Direct answer
DMARC helps a domain owner publish instructions for how receiving mail systems should handle email that claims to come from their domain but does not pass expected authentication checks.
Plain-language explanation
Email can claim to come from a domain. DMARC helps the domain owner publish a public policy that tells receiving mail systems what to do when a message does not align with expected authentication results.
In plain terms, DMARC lets a domain say: if a message does not look properly authorised, here is how I want receiving systems to treat it.
DMARC works with related email authentication signals, commonly SPF and DKIM. SPF helps identify authorised sending paths. DKIM helps identify valid domain signatures. DMARC adds a policy and alignment layer that receiving systems can use when evaluating mail that claims to use the domain.
Why it matters
DMARC matters because email remains closely tied to organisational identity, communications trust and brand recognition.
A visible DMARC record can show that a domain has published a public mail authentication policy. Changes in DMARC visibility can also help governance, technology and communications teams notice when public mail posture has shifted.
However, DMARC presence alone does not prove that mail controls are complete, well tuned or fully effective.
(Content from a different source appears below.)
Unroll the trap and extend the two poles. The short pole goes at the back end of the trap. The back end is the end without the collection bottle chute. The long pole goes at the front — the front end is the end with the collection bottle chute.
It is one public signal in a broader mail posture picture.
What .auDO observes
- whether a DMARC record is visible for an observed domain
- MX records
- SPF records
- TXT records
- inferred email provider context
- repeated changes in visible mail posture
What it can tell us
- whether a public DMARC record was visible at collection time
- whether DMARC visibility changed across repeated observations
- whether mail posture appears stable, absent or moving across the observed panel
- how DMARC visibility relates to MX, SPF and provider context in aggregate
What it cannot prove
- that a domain's mail controls are complete
- that a DMARC policy is correctly tuned
- that unauthorised email is fully prevented
- that internal mail telemetry supports the same picture
- that mail delivery quality is good or poor
- that a domain is well or poorly governed on the basis of DMARC alone
Practical governance questions
- Do important domains have an expected DMARC position?
- Is the DMARC policy known and documented?
- Who owns DMARC changes: technology, security, communications, supplier or mail administrator?
- Are DMARC changes reviewed alongside MX, SPF and email provider changes?
- Are reporting addresses, policy strength and alignment settings periodically reviewed?